In 1822 William Hazlitt, forty-four years old and married, was both tormented and enchanted by Sarah Walker, his landlady’s nineteen-year-old daughter. Liber Amoris is the chronicle of that obsession, an extraordinary fragment of Romantic autobiography that explores the unstable nature of what individuals perceive as ‘truth’, the unknowability of others, and leaves the reader unsure of who is victim, who seducer in this haunting relationship.

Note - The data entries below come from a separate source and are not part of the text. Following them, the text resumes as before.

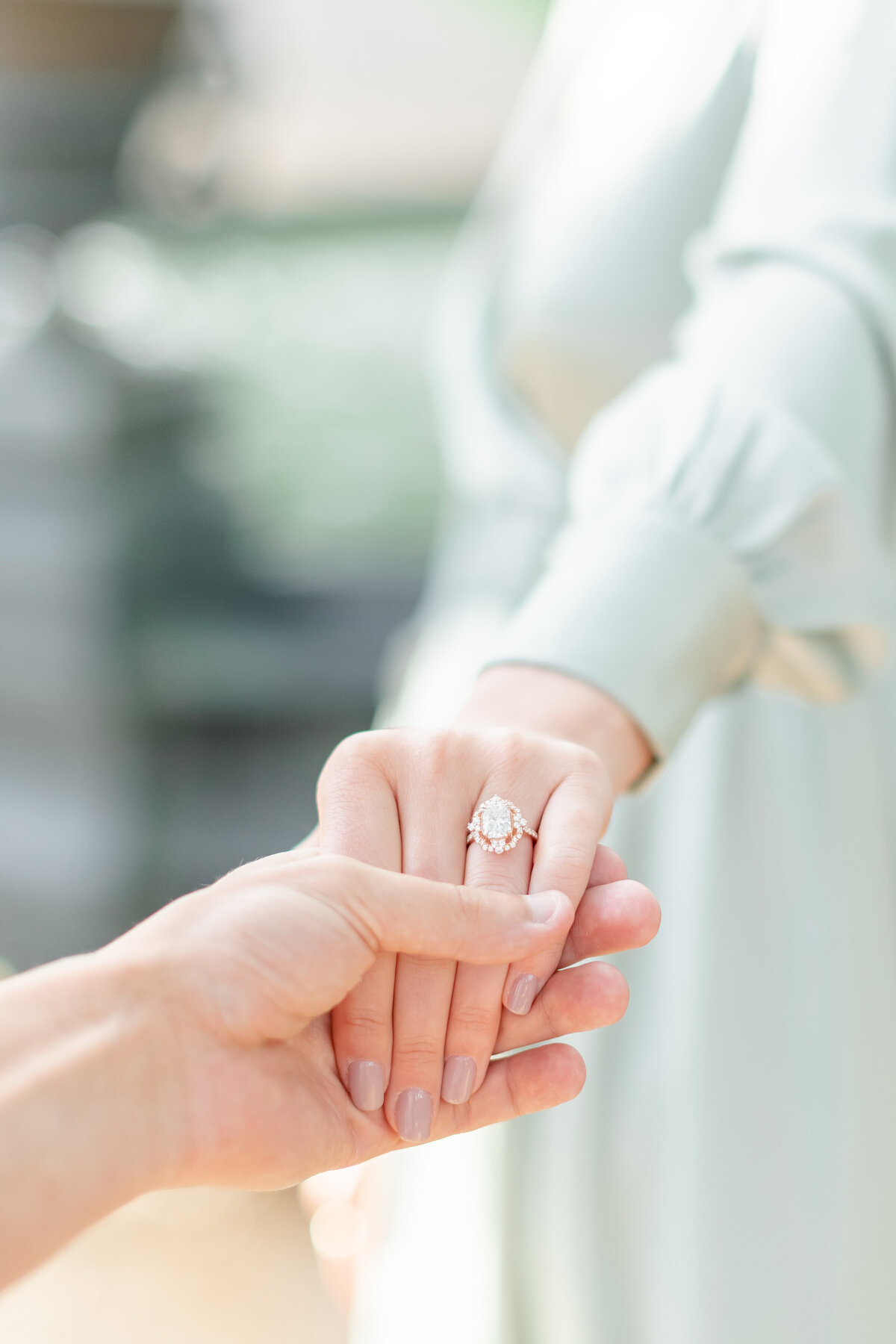 couple holding hands and photo of a ring by wedding photographers fort myers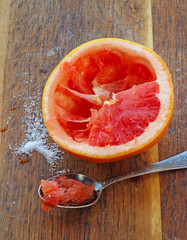 Sliced grapefruit with sugar on wooden plank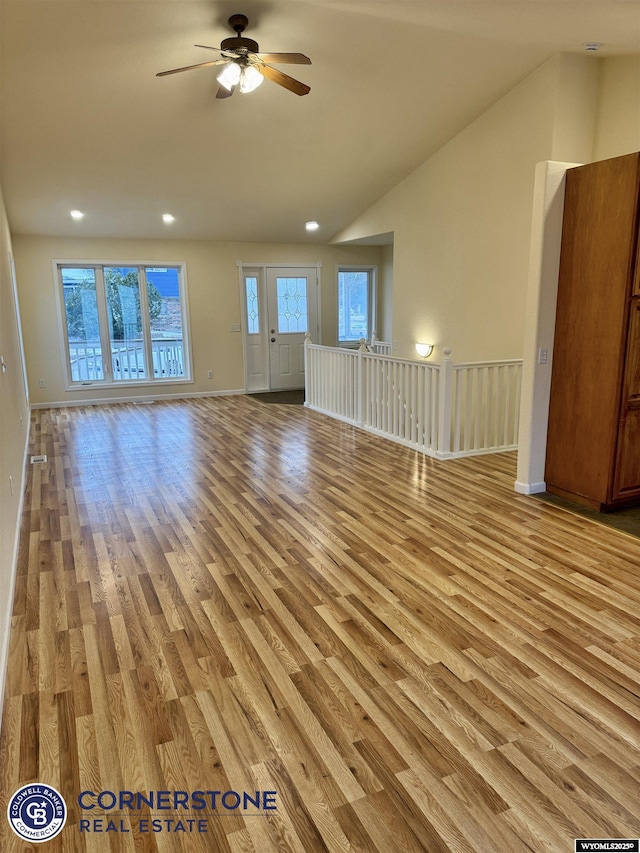 unfurnished living room with lofted ceiling, light hardwood / wood-style flooring, and ceiling fan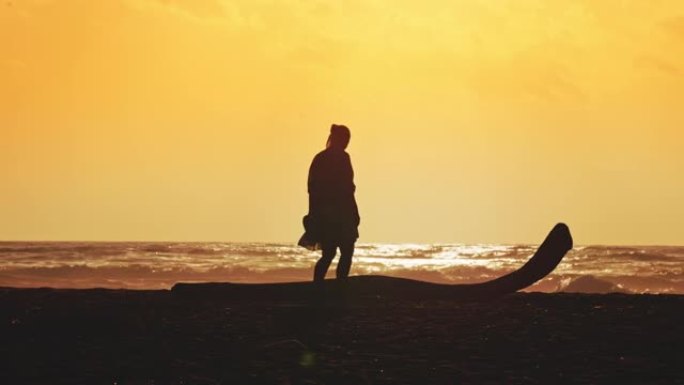 意大利撒丁岛日落时在海滩上独自行走的女人的景色。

Gregory Dart sets Liber Amoris in its context of Hazlitt’s other writings from 1822-3, and provides a wealth of fascinating notes that take us deep into the period and the writer’s imagination.
About the Author
William Hazlitt was born in Maidstone, Kent in 1778, the son of a Unitarian minister. After a short period in America, the family settled in the village of Wem, Shropshire. Hazlitt was educated at the Unitarian college in Hackney from 1793 to 1795, although he decided against the religious life, and began to move in the political and literary circles of Coleridge, Wordsworth, Lamb and Godwin. He wrote philosophy and politics before becoming increasingly involved in literature and journalism. In 1814 he became the Morning Chronicle parliamentary reporter and theatre critic, while also writing essays for journals, including the Edinburgh Review and Leigh Hunt's Examiner. His works on literature include the Characters of Shakespeare's Plays (1817), dedicated to Lamb and admired by Keats; Lectures on the English Poets (1818); The Round Table, in collaboration with Leigh Hunt (1818); and Lectures on the English Comic Writers (1819). His Political Essays were also published in 1819, and Table Talk in 1821-2. In 1825 and 1826 much of his best work was collected in two volumes of essays, The Spirit of the Age and The Plain Speaker. In the Last ten years of his life hazlitt experienced emotional turmoil and poverty, although he continued to publish until his death in 1830.